─── Data section

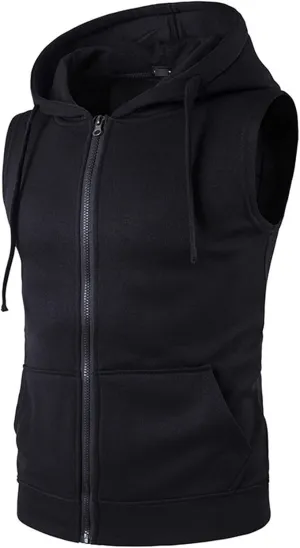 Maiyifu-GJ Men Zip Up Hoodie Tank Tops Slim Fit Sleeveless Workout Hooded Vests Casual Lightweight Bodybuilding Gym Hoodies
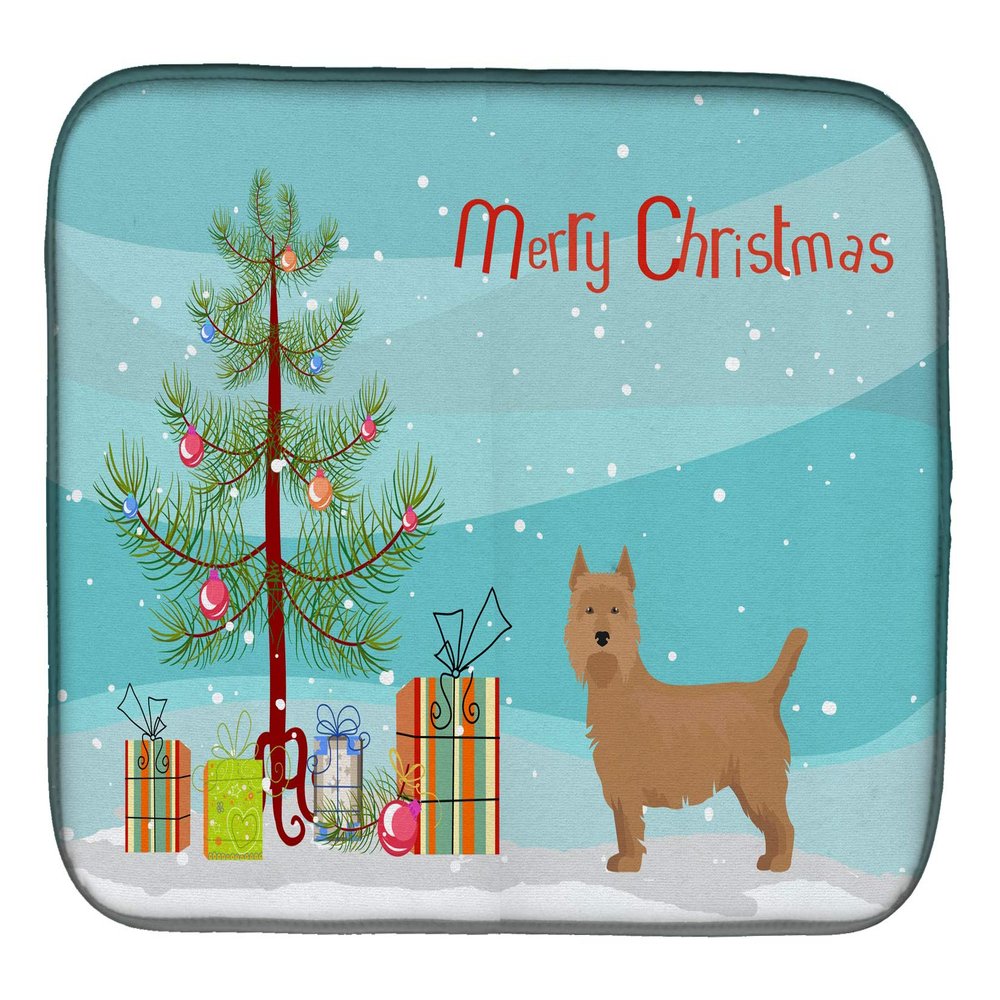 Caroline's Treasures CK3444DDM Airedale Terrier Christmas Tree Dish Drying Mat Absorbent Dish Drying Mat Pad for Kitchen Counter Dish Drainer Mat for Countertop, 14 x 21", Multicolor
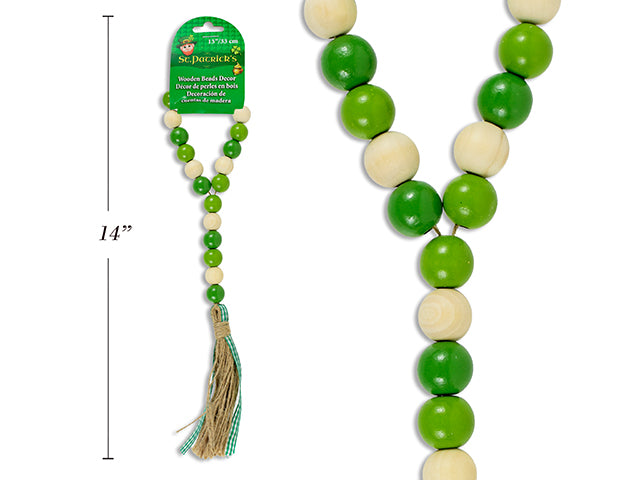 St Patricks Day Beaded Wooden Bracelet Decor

──────
─── Data section

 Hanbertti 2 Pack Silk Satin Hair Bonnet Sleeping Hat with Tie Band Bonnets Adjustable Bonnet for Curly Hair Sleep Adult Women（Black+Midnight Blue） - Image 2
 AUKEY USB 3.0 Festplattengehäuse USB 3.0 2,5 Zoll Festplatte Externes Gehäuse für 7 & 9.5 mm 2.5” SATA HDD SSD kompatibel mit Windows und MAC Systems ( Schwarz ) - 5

──────

» Exercise goal:
Copy nothing but the lines above that run from the one with "Caroline's Treasures CK3444DDM" to the one with "St Patricks Day Beaded Wooden Bracelet Decor", ends included; pictures stay out.

» Exercise output:
 Caroline's Treasures CK3444DDM Airedale Terrier Christmas Tree Dish Drying Mat Absorbent Dish Drying Mat Pad for Kitchen Counter Dish Drainer Mat for Countertop, 14 x 21", Multicolor
 St Patricks Day Beaded Wooden Bracelet Decor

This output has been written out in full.